Decision Trees Made Simple, Part II

Published in

The Startup

6 min readDec 16, 2020

Implementing decision trees with Python

Image by Javier Allegue Barros on Unsplash

Last time , we explored the basic math foundation behind the decision tree algorithm and we went over concepts such as entropy and information gain; and how these ideas tie together in the ID3 algorithm to form the basics of decision trees. Now , we’re going to review a simple python implementation that demonstrates how the algorithm works at a basic level solving a simple classification problem.

The Data

In order to be able to track the results of the algorithm is always best to have a small toy dataset that makes it easier to visualize and understand the algorithm output. For this exercise , I’m going to use a very simple dataset taken from the Fundamentals of Machine Learning book (2015) that is set up specifically to test and ID3 implementation

The goal here is to predict which type of vegetation are we going to observe (chapparal , riparian , conifer) based on certain descriptive features of the terrain (stream, slope, elevation). From this , we understand that our training variables are going to be STREAM , SLOPE , ELEVATION and VEGETATION is going to be our prediction target variable.

In python , there are several ways to load the data to be utilized by the algorithm. Since this is a very small dataset, we can split it into three distinctive python lists, for the sake of simplicity:

#Training variable names/tags
trainingTags=["Stream","Slope","Elevation"]
#Training variable data
trainingSet=[["false","true","true","false","false","true","true"],               ["steep","moderate","steep","steep","flat","steep","steep"], 
   ["high","low","medium","medium","high","highest","high"]]
#Target variable data
targetSet=["chapparal","riparian","riparian","chapparal","conifer",     "conifer","chapparal"]

Note that the trainingSet list consists in nested lists, each one of the nested lists corresponds to a column in the data table. Is important to realize that this is not the only alternative to store the training data, other options such as dictionaries or nested lists in which each list correspond to a row of the table instead of a column are possible. Depending on how the data is chosen to be stored, the implementation needs to be modified to ensure that the algorithm is accessing the observations correctly.

Designing the Solution

In the last entry, I passingly noted how the ID3 algorithm performs its classification tasks, although the procedure is relatively simple, it does require some effort in its implementation mainly to incorporate the entropy based dataset partition. To achieve this , I designed a python Class called DataSet that will handle most of the operations related to the partition and data reading , while having an external function that runs the ID3 procedure over the DataSet class. Dataset will , in turn , call three independent functions called entropy , rem_entropy and partition.

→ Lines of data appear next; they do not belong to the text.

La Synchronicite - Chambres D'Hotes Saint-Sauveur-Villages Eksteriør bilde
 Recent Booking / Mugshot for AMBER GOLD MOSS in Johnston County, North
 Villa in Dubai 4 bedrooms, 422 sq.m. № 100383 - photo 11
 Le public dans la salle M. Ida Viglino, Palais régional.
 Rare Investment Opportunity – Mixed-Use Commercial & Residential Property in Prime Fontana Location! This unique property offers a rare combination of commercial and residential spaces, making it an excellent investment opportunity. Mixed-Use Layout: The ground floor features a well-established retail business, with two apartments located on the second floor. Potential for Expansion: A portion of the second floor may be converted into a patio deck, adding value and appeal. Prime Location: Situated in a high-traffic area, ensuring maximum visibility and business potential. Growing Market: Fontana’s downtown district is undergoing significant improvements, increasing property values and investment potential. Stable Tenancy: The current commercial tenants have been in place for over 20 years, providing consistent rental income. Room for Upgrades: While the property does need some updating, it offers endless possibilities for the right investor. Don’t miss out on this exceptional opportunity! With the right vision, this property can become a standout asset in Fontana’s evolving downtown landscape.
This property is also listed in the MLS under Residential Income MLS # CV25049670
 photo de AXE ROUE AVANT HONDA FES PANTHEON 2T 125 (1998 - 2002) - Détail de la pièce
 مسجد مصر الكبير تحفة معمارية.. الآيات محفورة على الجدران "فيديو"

Let’s take a closer look to the partition functions , why do we 2 different functions for Entropy and Rem_entropy ?

#Calculates the entropy of a single feature 
def entropy (feature):
    frecuencies={}
    categories=[]
    prob_distribution={}
    feature_entropy=0
    #The feature is classfied according to its possible instances
    for i in feature:
        if i  not in  categories:
            categories.append(i)
            frecuencies[i]=1
            prob_distribution[i]=0
        else:
            frecuencies[i]+=1
    #We calculate the probability distribution of the feature 
    #and the feature entropy
    for i in frecuencies:
        prob_i=frecuencies[i]/len(feature)
        prob_distribution[i]=prob_i
        feature_entropy+=-(prob_distribution[i]*math.log(prob_distribution[i],2))
    return feature_entropy#Calculates the remaining entropy of a given descriptive feature
def rem_entropy(feature,partitions):
    categories=[]
    frequencies={}
    prob_distribution=[]
    for i in feature:
        if i not in categories:
            categories.append(i)
            frequencies[i]=1
        else:
            frequencies[i]+=1
    for i in frequencies:
        prob_distribution.append(frequencies[i]/len(feature))
    total_entropy=0
    for i in range(len(partitions)):
        total_entropy+=entropy(partitions[i])*prob_distribution[i]
    
    return total_entropy

The entropy function , calculates the total entropy of a single variable related to itself (no matter of if it is a training or a target variable), whereas the rem_entropy function is calculating the remaining entropy of a partitioned dataset. Recall that the remaining entropy is the result of substracting the entropy of a dataset that was partitioned using the value range of the training variables STREAM , SLOPE and ELEVATION. The method partition handles the process of generating partitioned datasets for all value levels.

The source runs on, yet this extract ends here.